Please copy the records exactly as they appear, with all pictures left out.

Web page caption snippets:
═══
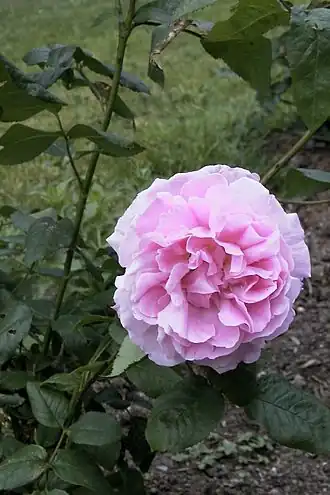 Image illustrative de l’article Wife of Bath (rose)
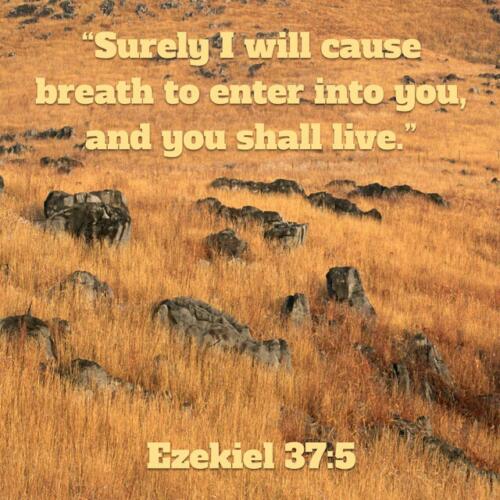 Ezekiel 37:5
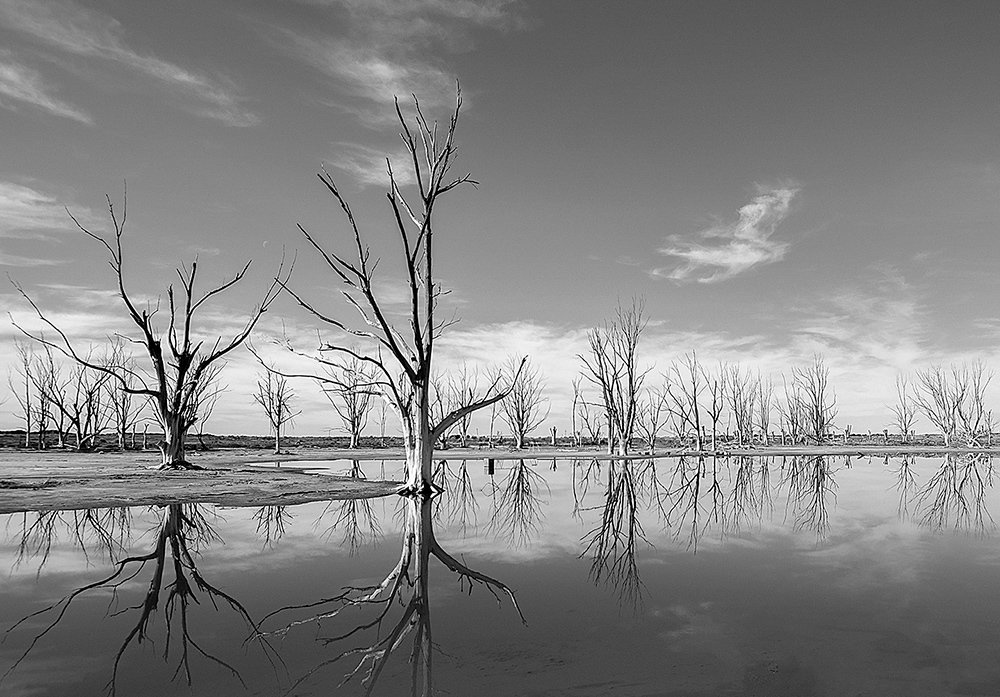 Los arboles mueren de Pie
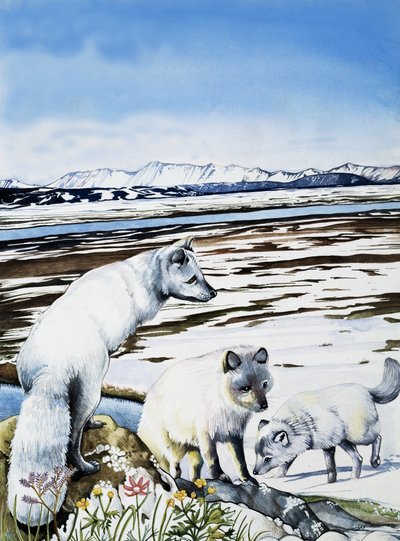 Lis polarny autorstwa English School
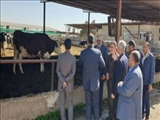جلسه کارگروه ستاد تسهیل و رفع موانع تولید شهرستان پاکدشت برگزار شد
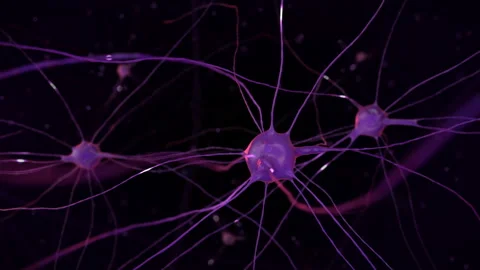 Animation of the nervous system and impulses of brain neurons under a microscope Stock Footage 165805930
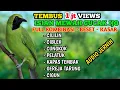 Download Lagu CUCAK IJO, MASTERAN CUCAK IJO FULL TEMBAKAN KASAR, MASTERAN CUCAK IJO PART 3.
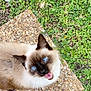 animal, blue_eyes, cat, closeup, cute, daylight, fur, grass, looking_up, mammal, mouth_open, nature, outdoor, pebble_stone, pet, plants, portrait, siamese, walking, whiskers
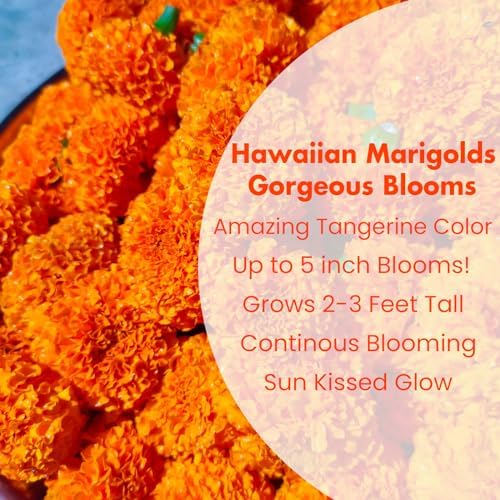 NatureZ Edge, Marigold Seeds for Planting Outdoors, 1 Ounce 10,000 Seed, Hawaiian and Cracker Jack Marigold Seeds, Made in USA, Companian Gardening Flower - Image 3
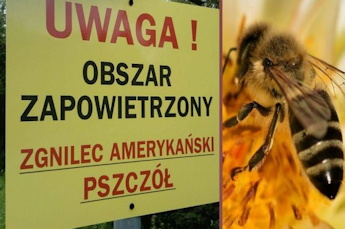 Gmina Dydnia: UWAGA! Obszar zapowietrzony – zgnilec amerykański pszczół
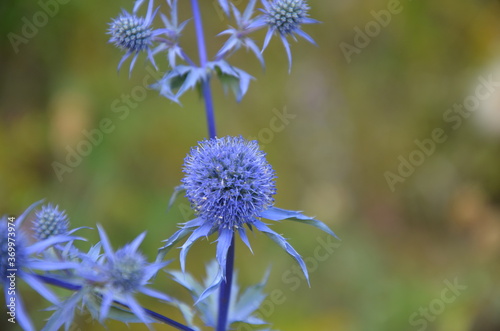 blue flower of a thistle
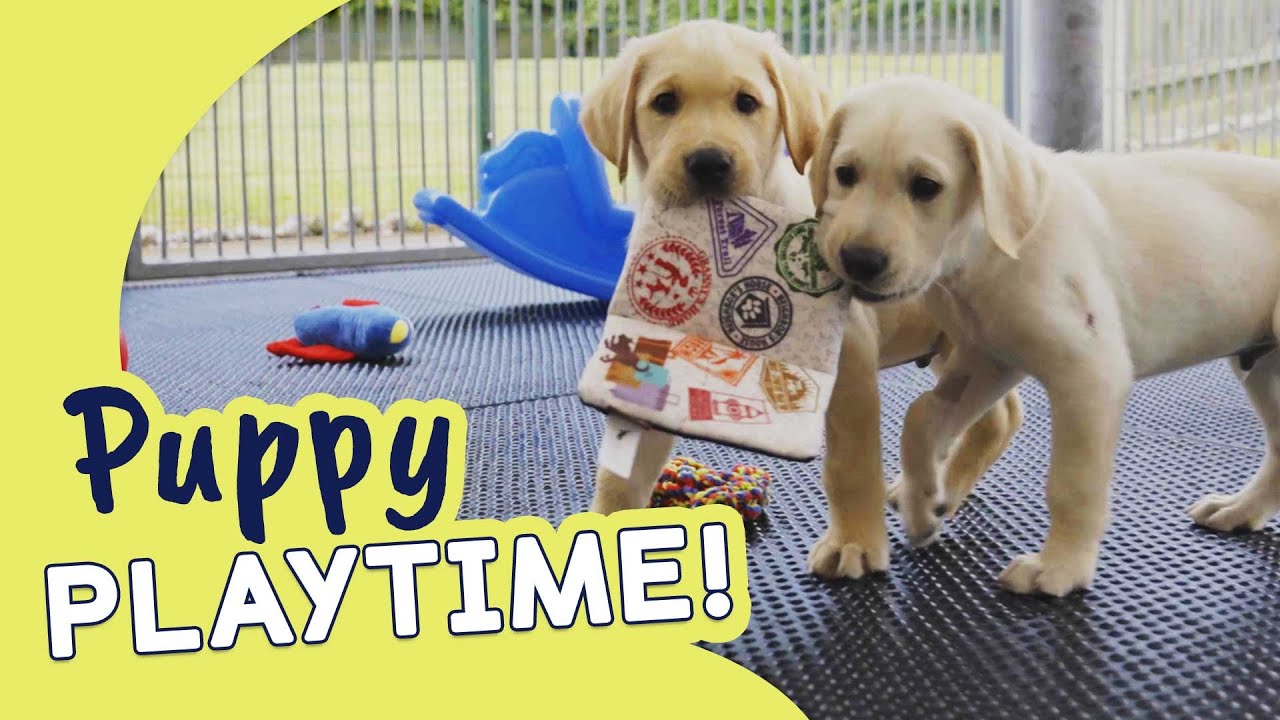 Summer Fun with Our Puppies | Guide Dogs Puppy Playtime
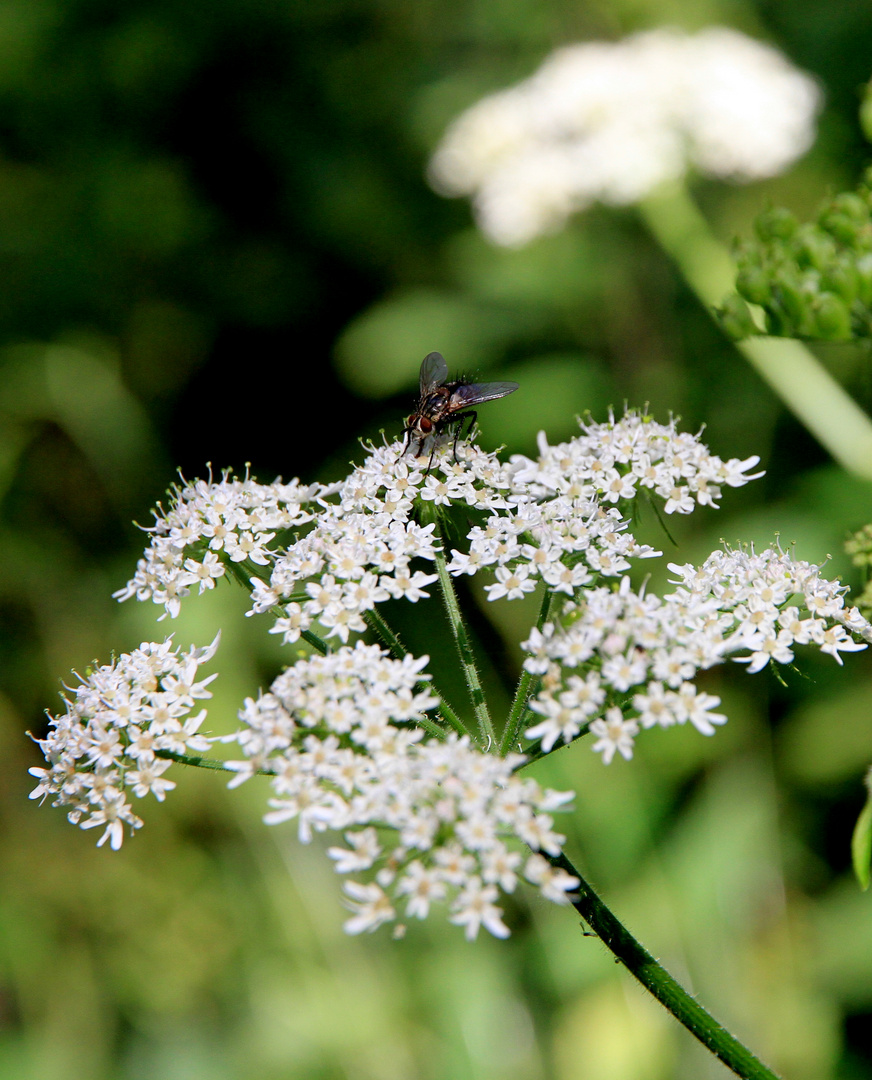 Fliege auf der Blüte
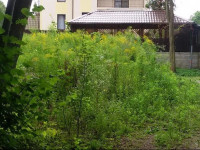 Ray Prussii Guest House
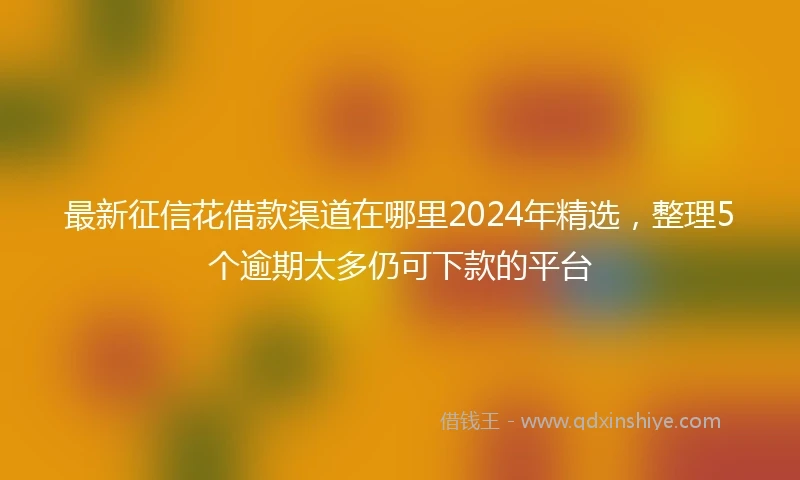 最新征信花借款渠道在哪里2024年精选，整理5个逾期太多仍可下款的平台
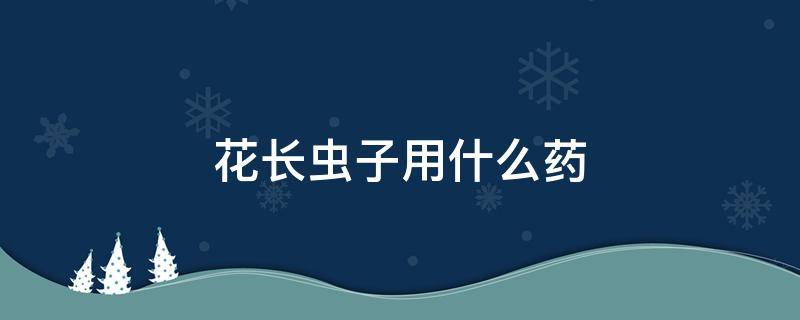 花长虫子用什么药 长寿花长虫子用什么药
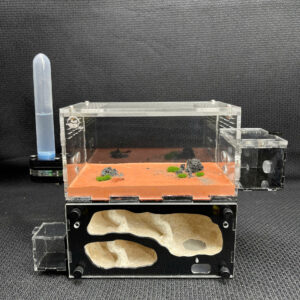 Tank Kiến H03 - Hình ảnh 5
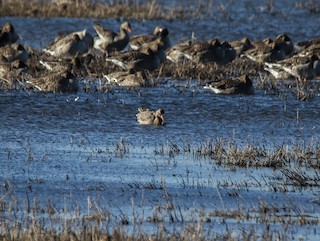 Greater White-fronted Goose, ML205502951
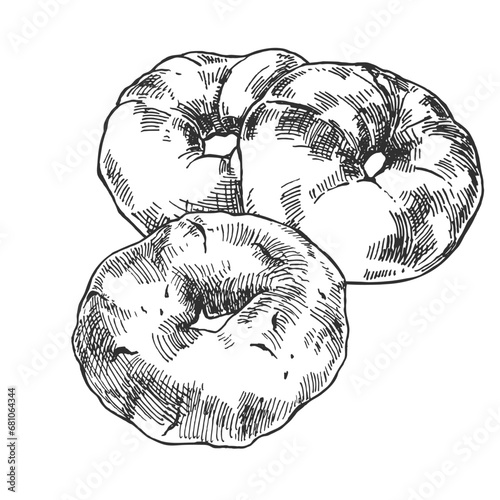 Hand drawn vector ciambelline illustration. Italian traditional sweet dessert. National pastry image
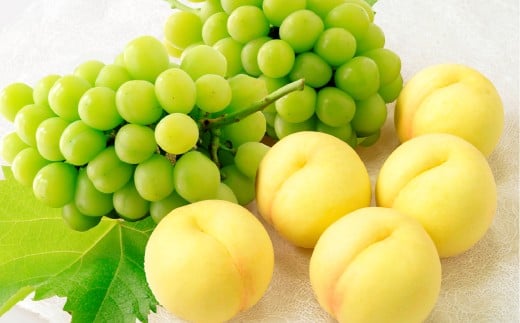 桃 ぶどう 岡山白桃5玉とシャインマスカット2房 詰合せ 合計2.7kg以上 もも モモ 白桃 ブドウ 葡萄 フルーツ 果物 果実 詰め合わせ セット 岡山県 倉敷市【2026年7月上旬～8月上旬まで順次発送予定】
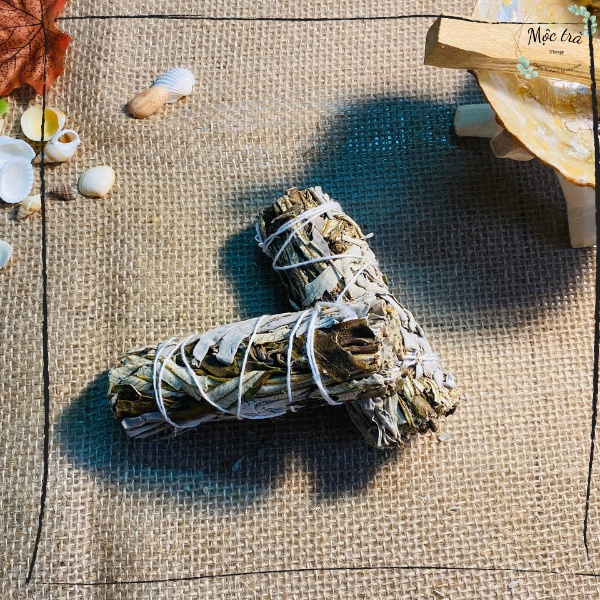 SAGE May Mắn, Bó Xô mix YEBRA SANTA, Xô Thơm Xanh, Xô Thơm Trắng loại 10cm
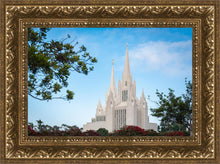 Load image into Gallery viewer, San Diego California Towering Spires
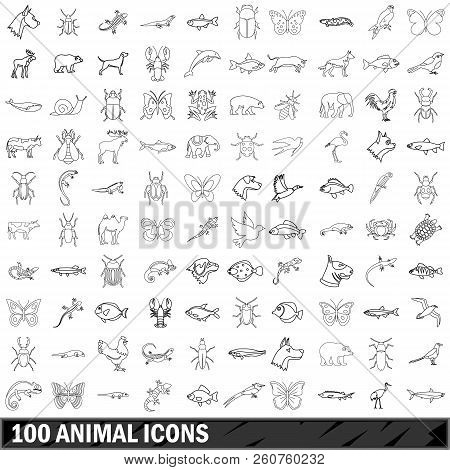 100 Animal Icons Set In Outline Style For Any Design Illustration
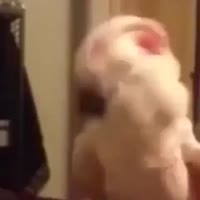 17429814379870.mp4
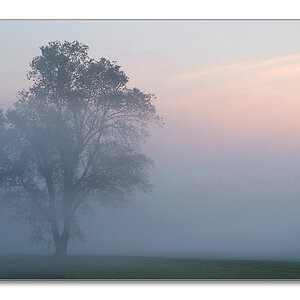 2011 herbst25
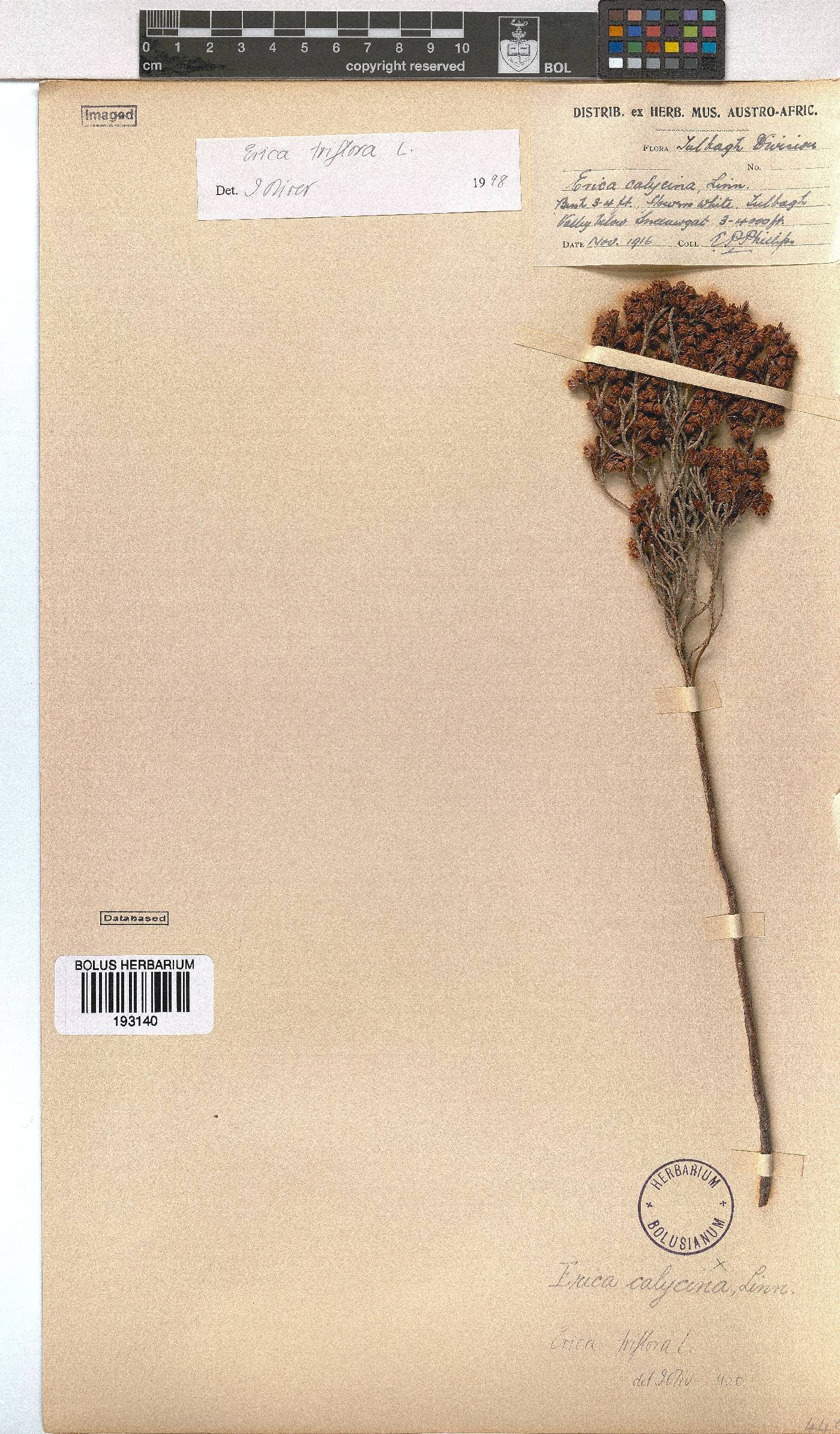 Erica triflora image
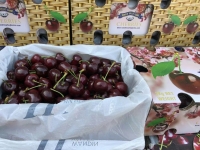 【生鲜包邮速递】WVF维多利亚州樱花车厘子 28-30mm2kg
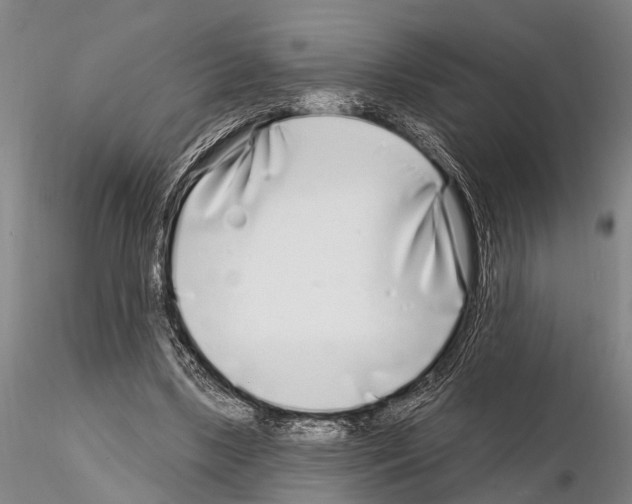 X0000115010443200912071208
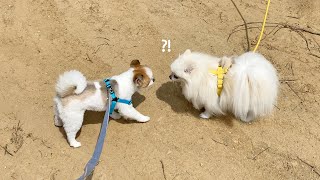 강아지는 짱친을 산책하다 만나면 알아볼까? 🐇 소녀의 네모난 행성 ｜ Can dogs recognize their best friend when on a walk? 🐇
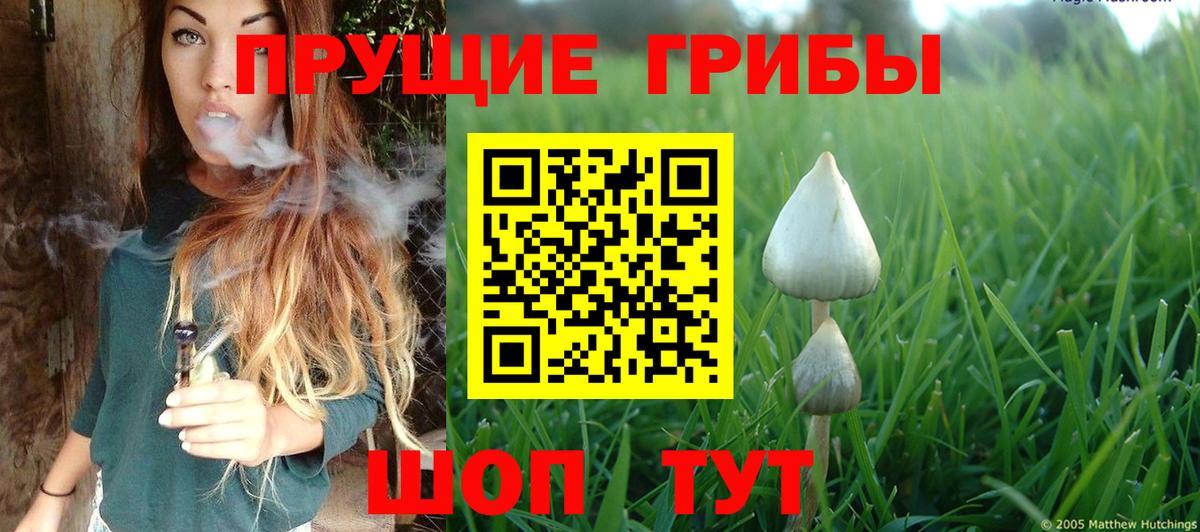 Домодедово  Псилоцибиновые грибы Psilocybe  Вход с VPN  Псилоцибиновые грибы ЛСД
═══
The completed task:
 Image illustrative de l’article Wife of Bath (rose)
 Ezekiel 37:5
 Los arboles mueren de Pie
 Lis polarny autorstwa English School
جلسه کارگروه ستاد تسهیل و رفع موانع تولید شهرستان پاکدشت برگزار شد
 Animation of the nervous system and impulses of brain neurons under a microscope Stock Footage 165805930
 Download Lagu CUCAK IJO, MASTERAN CUCAK IJO FULL TEMBAKAN KASAR, MASTERAN CUCAK IJO PART 3.
 animal, blue_eyes, cat, closeup, cute, daylight, fur, grass, looking_up, mammal, mouth_open, nature, outdoor, pebble_stone, pet, plants, portrait, siamese, walking, whiskers
 NatureZ Edge, Marigold Seeds for Planting Outdoors, 1 Ounce 10,000 Seed, Hawaiian and Cracker Jack Marigold Seeds, Made in USA, Companian Gardening Flower - Image 3
 Gmina Dydnia: UWAGA! Obszar zapowietrzony – zgnilec amerykański pszczół
 blue flower of a thistle
 Summer Fun with Our Puppies | Guide Dogs Puppy Playtime
 Fliege auf der Blüte
 Ray Prussii Guest House
 最新征信花借款渠道在哪里2024年精选，整理5个逾期太多仍可下款的平台
 花长虫子用什么药 长寿花长虫子用什么药
 Tank Kiến H03 - Hình ảnh 5
 Greater White-fronted Goose, ML205502951
 Hand drawn vector ciambelline illustration. Italian traditional sweet dessert. National pastry image
 桃 ぶどう 岡山白桃5玉とシャインマスカット2房 詰合せ 合計2.7kg以上 もも モモ 白桃 ブドウ 葡萄 フルーツ 果物 果実 詰め合わせ セット 岡山県 倉敷市【2026年7月上旬～8月上旬まで順次発送予定】
 SAGE May Mắn, Bó Xô mix YEBRA SANTA, Xô Thơm Xanh, Xô Thơm Trắng loại 10cm
 Load image into Gallery viewer, San Diego California Towering Spires
 100 Animal Icons Set In Outline Style For Any Design Illustration
 17429814379870.mp4
 2011 herbst25
 Erica triflora image
 【生鲜包邮速递】WVF维多利亚州樱花车厘子 28-30mm2kg
 X0000115010443200912071208
 강아지는 짱친을 산책하다 만나면 알아볼까? 🐇 소녀의 네모난 행성 ｜ Can dogs recognize their best friend when on a walk? 🐇
 Домодедово  Псилоцибиновые грибы Psilocybe  Вход с VPN  Псилоцибиновые грибы ЛСД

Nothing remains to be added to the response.